# Difference between Russian Systema and Secours Systema



## Mr. President (Apr 14, 2014)

I've heard that a few years ago, Mikhail Ryabko and Vladimir Vasiliev have announced that the method taught by Instructor Kevin Secours, is not their Systema, and he put a different spin on it, enough to differentiate it from the traditional Systema taught by the original Russian teachers.

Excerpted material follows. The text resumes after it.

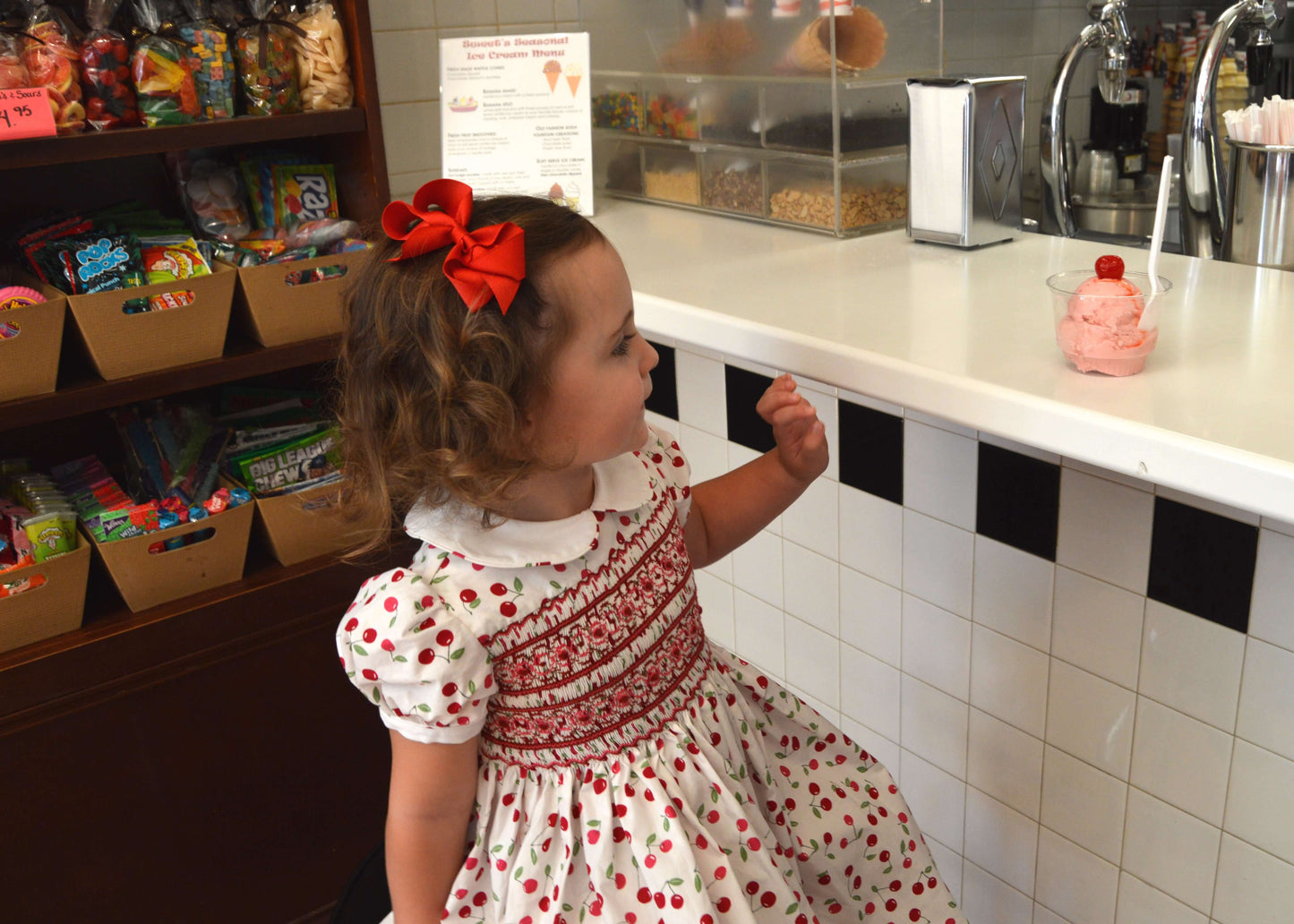 Little girl in a smocked cherry dress enjoying ice cream in a charming candy shop.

Is anyone familiar with the details? How is his approach different? What is it about the curriculum taught by Secours, that makes it a different sort of Systema?


----------



## K-man (Apr 14, 2014)

Hopefully I'll get some first hand information next week. I have two days of training with Kevin coming up and I'm really looking forward to meeting him.


----------



## Brian King (Apr 14, 2014)

Hey K-man,
Enjoy your training with Kevin. He is a good instructor, very skilled with good clear articulations. You will, I think enjoy your time training with him.

Hey Mr. President,
I have not trained with Kevin in years and do not really have the time to follow what his system has evolved into, so my information is too dated for me to go into much detail. From what I remember when he left the Vasiliev / Ryabko communities Kevin had came up with his own method of teaching and came up with a curriculum and teaching methodology that he felt was better for his students and that he could transmit easily to others to instruct his system. 

Hope that this helps.
Regards
Brian King


----------



## BrendonR (Apr 15, 2014)

Secours is more effective, however Vlad and Mik are much greater masters, so if you want a system, don't goto the real systema, systema is not about systems, or arts, its about skill. Masters goto these masters.


----------